Mostrar los horrores de la guerra era, para Woolf, como para otros artistas, intelectuales, periodistas y fotógrafos de su tiempo, una forma de provocar el rechazo, de avivar la condena universal en contra de la misma y de redimir a la víctima anónima e inocente (Sontag, 2003; Crane, 2008; Freedberg, 2014). Ella creía que el poder de las imágenes fotográficas que retrataban escenas de dolor y sufrimiento, recaía en su capacidad de conmocionar; pero, sobre todo, en su fuerza para activar un sentimiento de repugnancia que no estaba dirigido contra la imagen como tal, sino hacia el evento que la había producido. Por tanto, “no condolerse con esas fotos, no retraerse ante ellas, no afanarse en abolir lo que causa semejante estrago”, eran, según Sontag al referirse a Woolf, “las reacciones de un monstruo moral”, la evidencia más notable de un fallo de nuestra imaginación y empatía ante el sufrimiento de los demás (Sontag, 2003, p. 16). Sus palabras eran el eco de una preocupación compartida de época, basada en la convicción de que el repudio creado por semejantes imágenes permitiría que la gente entendiese que la guerra era una atrocidad, una insensatez (2003, p. 22). Una preocupación que, por cierto, venía de más lejos: del ideal del humanitarismo liberal, surgido a partir de la segunda mitad del siglo XVIII, según el cual la repugnancia moral, más que apartar a las personas del camino o de la vista de quienes sufren, se constituye en una base universal de oposición a lo que ocasiona ese sufrimiento (Halttunen, 1995; Ignatieff, 1999).

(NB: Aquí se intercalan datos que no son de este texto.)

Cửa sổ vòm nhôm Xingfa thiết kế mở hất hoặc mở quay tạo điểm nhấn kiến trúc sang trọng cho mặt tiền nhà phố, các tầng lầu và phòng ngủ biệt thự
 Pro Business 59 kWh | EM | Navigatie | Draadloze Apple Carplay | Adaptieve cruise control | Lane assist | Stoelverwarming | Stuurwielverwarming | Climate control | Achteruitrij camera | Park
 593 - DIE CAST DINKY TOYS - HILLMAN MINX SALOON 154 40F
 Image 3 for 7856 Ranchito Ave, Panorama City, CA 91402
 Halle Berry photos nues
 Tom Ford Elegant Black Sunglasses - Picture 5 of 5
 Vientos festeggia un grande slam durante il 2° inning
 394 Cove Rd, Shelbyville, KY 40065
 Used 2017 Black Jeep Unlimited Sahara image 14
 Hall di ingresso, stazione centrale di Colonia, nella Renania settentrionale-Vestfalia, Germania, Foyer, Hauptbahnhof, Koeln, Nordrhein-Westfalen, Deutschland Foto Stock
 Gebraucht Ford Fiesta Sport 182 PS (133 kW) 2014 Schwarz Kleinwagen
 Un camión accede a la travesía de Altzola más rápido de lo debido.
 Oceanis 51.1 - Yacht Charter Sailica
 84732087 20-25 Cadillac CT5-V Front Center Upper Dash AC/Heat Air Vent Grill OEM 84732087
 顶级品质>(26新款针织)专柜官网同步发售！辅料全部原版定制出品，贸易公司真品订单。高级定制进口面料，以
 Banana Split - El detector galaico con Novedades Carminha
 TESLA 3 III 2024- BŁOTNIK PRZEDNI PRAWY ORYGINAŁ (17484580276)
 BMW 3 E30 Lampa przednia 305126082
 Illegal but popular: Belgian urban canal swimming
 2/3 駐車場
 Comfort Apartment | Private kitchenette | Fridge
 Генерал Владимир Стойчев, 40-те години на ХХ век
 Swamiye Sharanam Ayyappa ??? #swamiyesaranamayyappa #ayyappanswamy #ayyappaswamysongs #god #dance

Esta fue la creencia que llevó al Daily Worker, un diario comunista estadounidense, a publicar, el 12 de noviembre de 1936, las imágenes de varios de los setenta niños españoles muertos como consecuencia de un bombardeo, por aviones alemanes al servicio del gobierno fascista del general Francisco Franco, a una escuela cerca de Madrid. Ante la pregunta: “¿Por qué publicamos esta página?”,8 Walter Holmes, el editor del diario, aducía que “la guerra tiene abominaciones tan asquerosas que solamente existen para los que han tenido que verlas” (Daily Worker, 12 de noviembre de 1936, p. 5; traducción propia), por lo que mostrar esas imágenes servía a un gran propósito: alentar la determinación contra el fascismo y defender la democracia. Su respuesta se inscribía en la idea de que la exposición de los crímenes atroces motivaría la esperanza de una acción política eficaz y conduciría a la memoria o la justicia, a pesar de lo profundamente problemático que había en el hecho de infringir la dignidad humana, la decencia y la privacidad mediante la lente de la cámara (Linfield, 2010, p. 132).

Esta era la misma premisa que motivó al anarquista y objetor de conciencia alemán Ernst Friedrich a publicar años antes, en 1924, ¡Guerra contra la guerra!, un foto-libro con más de 180 fotografías que mostraban los horrores producidos por el fuego, el acero, el veneno y el gas durante la Primera Guerra Mundial. Escenas ante las cuales, como el propio Friedrich lo decía en el prólogo del mencionado libro, “el tesoro de las palabras” no era suficiente para “pintar correctamente”, por lo que era necesario acudir a “las incorruptibles e inexorables lentes fotográficas”, con el fin de avivar la conciencia cosmopolita de los “seres humanos de todos los países”, de “los pueblos de todas las naciones” (Friedrich, citado en Sánchez, 2000, pp. 20-24). Aclamado por escritores, artistas, intelectuales de izquierda y ligas civiles opuestas a la guerra, este manifiesto fotográfico pronto alcanzó varias ediciones y fue traducido a varios idiomas, reafirmando así la confianza en la influencia positiva que las imágenes podrían tener en la opinión pública (Sontag, 2003, p. 24).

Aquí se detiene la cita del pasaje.